Attorney-General Johannes Tomana yesterday said a recent judgment by the African Commission on Human and People's Rights to hear the case of a former commercial farmer seeking to reverse the land reform programme was insignificant. The ruling was made at a session of the ACHPR held in Cote d'Ivoire last month but was made public on Tuesday in favour of Ben Freeth and his co-plaintiff Luke Tembani.
Mr Tomana said he was yet to be notified of the case that he said had no bearing on land tenure in Zimbabwe.
"I have not heard of that ruling, but it would not surprise me because it (ACHPR) is a forum that anyone can go to and complain," he said.
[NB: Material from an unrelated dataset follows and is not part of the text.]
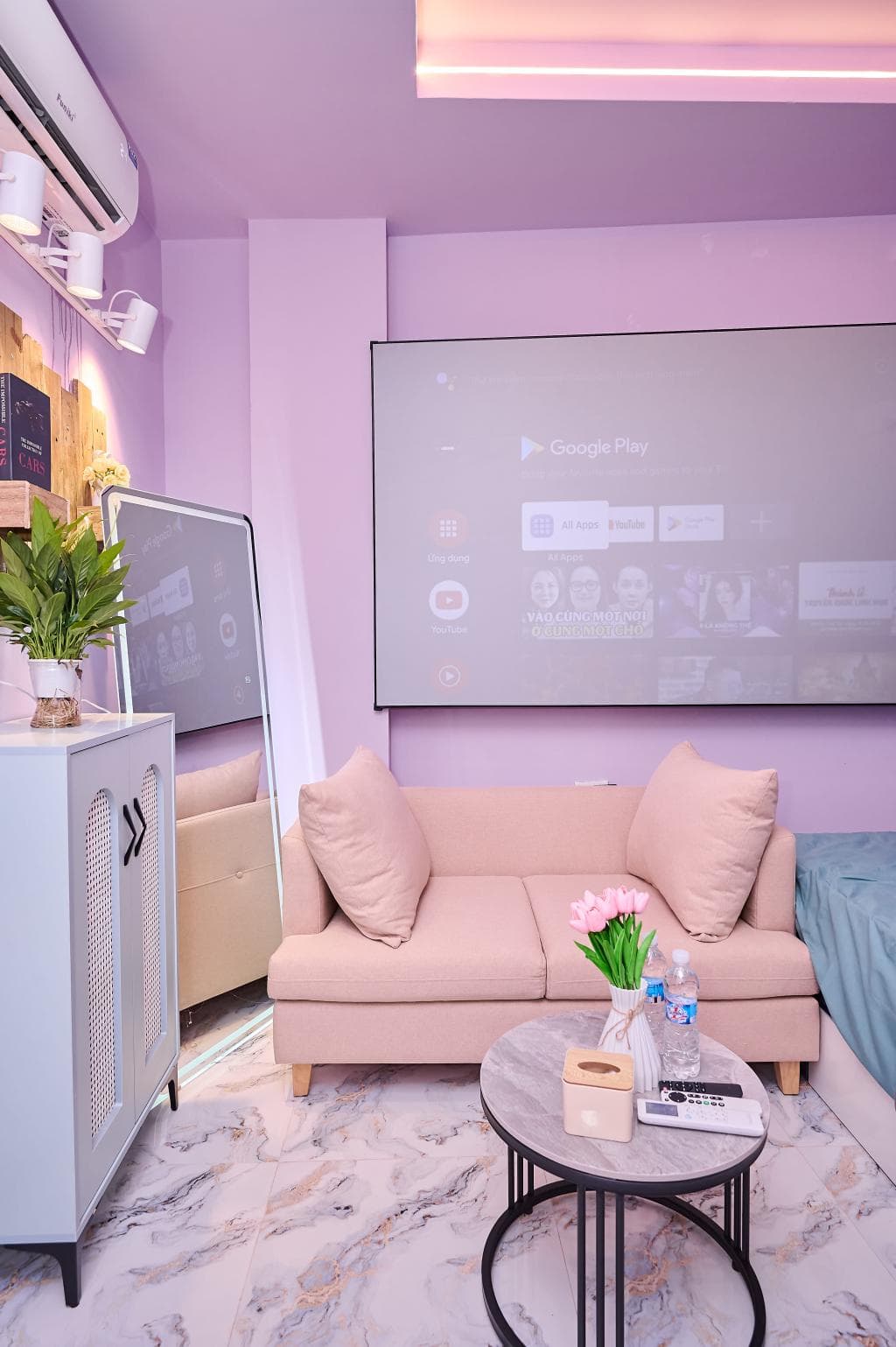 Trên Mây Homestay - 501PKB - 6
"It would be up to the commission to approach all the parties involved in the matter and our course of action will be determined by what they will say.
"However, if they want to challenge the land reform programme, that case has been dealt with by Sadc and I do not see how any other tribunal will deal with the matter."
Mr Freeth and the late Mike Campbell approached the now defunct Sadc Tribunal seeking to reverse the land reform programme.
They won their case before Zimbabwe appealed against the ruling arguing that the tribunal was improperly constituted.
The Government also argued that the tribunal could not override domestic courts of sovereign countries, leading to the suspension of its operations and eventual disbandment last year.
The Sadc heads of state and government have since tasked ministers of justice and attorneys-general in the region to reconstitute the tribunal and come up with new mandates.